- What is required
Write the entries out again exactly; any picture among them gets left out.

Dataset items
* * * *

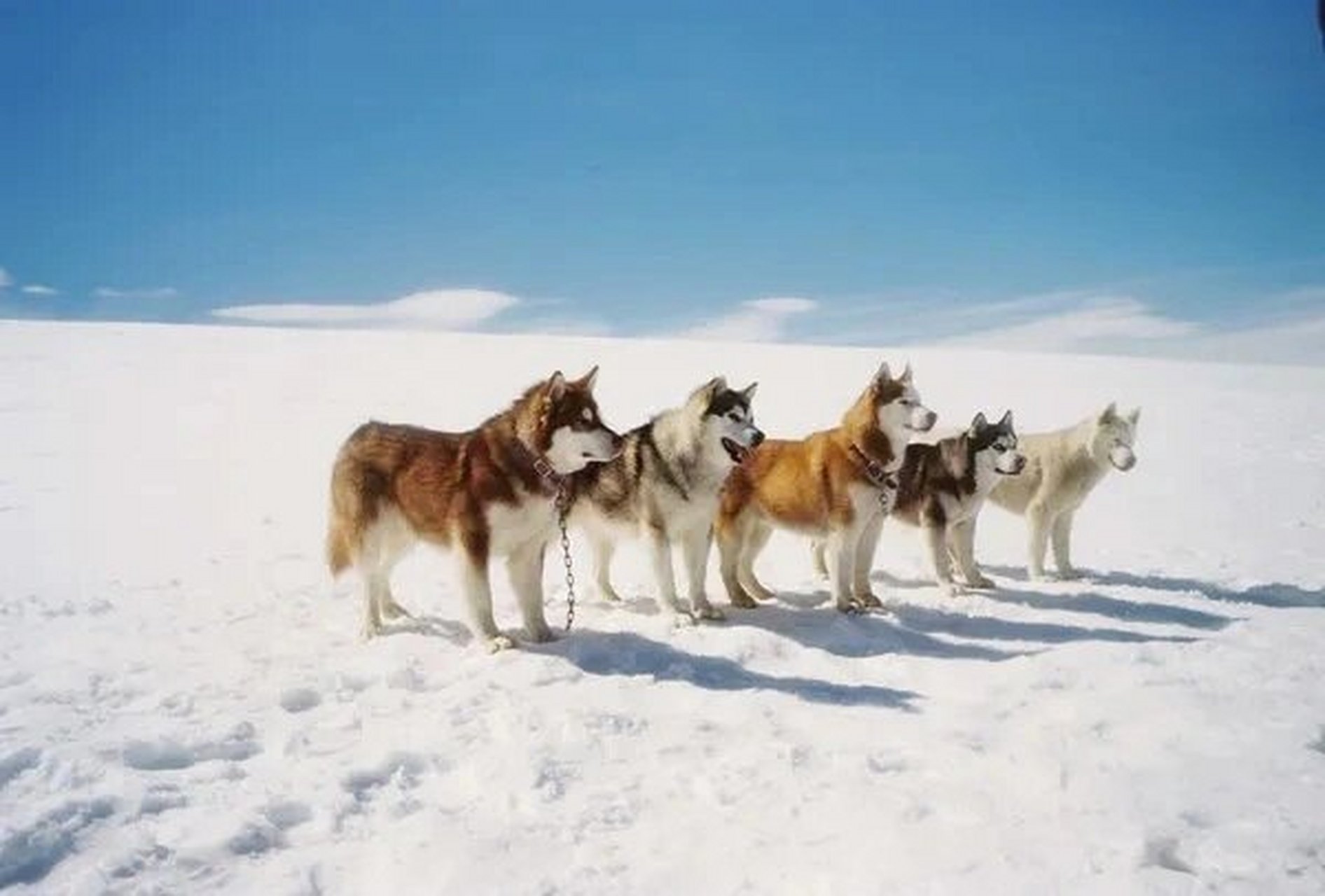 哈士奇雪橇犬电影图片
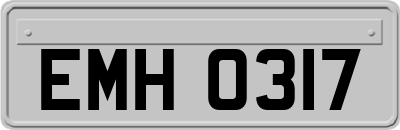 EMH0317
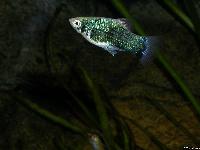 <i>Xiphophorus maculatus</i> (hane)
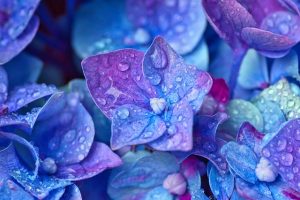 爽やかな人の特徴とモテる理由は？爽やかな人が多い星座も解説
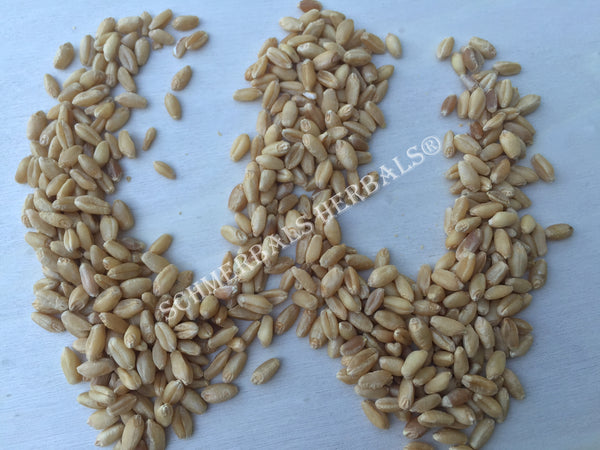 Dried Hard White Winter Wheat Berries, Triticum spp, for Sale from Schmerbals Herbals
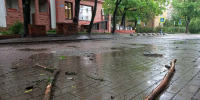 «Разгребать ещё неделю»: Калининград ошарашили последствиями урагана - ИА Русский Запад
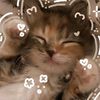 nur.aulia8248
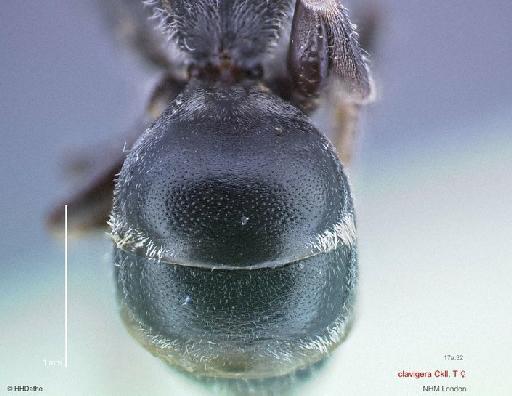 Prosopis clavigera Cockerell, 1936 - Prosopis clavigera Cockerell 969517 Type female Tertgite1 1x3,2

* * * *

- The completed task
 哈士奇雪橇犬电影图片
 EMH0317
 <i>Xiphophorus maculatus</i> (hane)
 爽やかな人の特徴とモテる理由は？爽やかな人が多い星座も解説
 Dried Hard White Winter Wheat Berries, Triticum spp, for Sale from Schmerbals Herbals
 «Разгребать ещё неделю»: Калининград ошарашили последствиями урагана - ИА Русский Запад
 nur.aulia8248
 Prosopis clavigera Cockerell, 1936 - Prosopis clavigera Cockerell 969517 Type female Tertgite1 1x3,2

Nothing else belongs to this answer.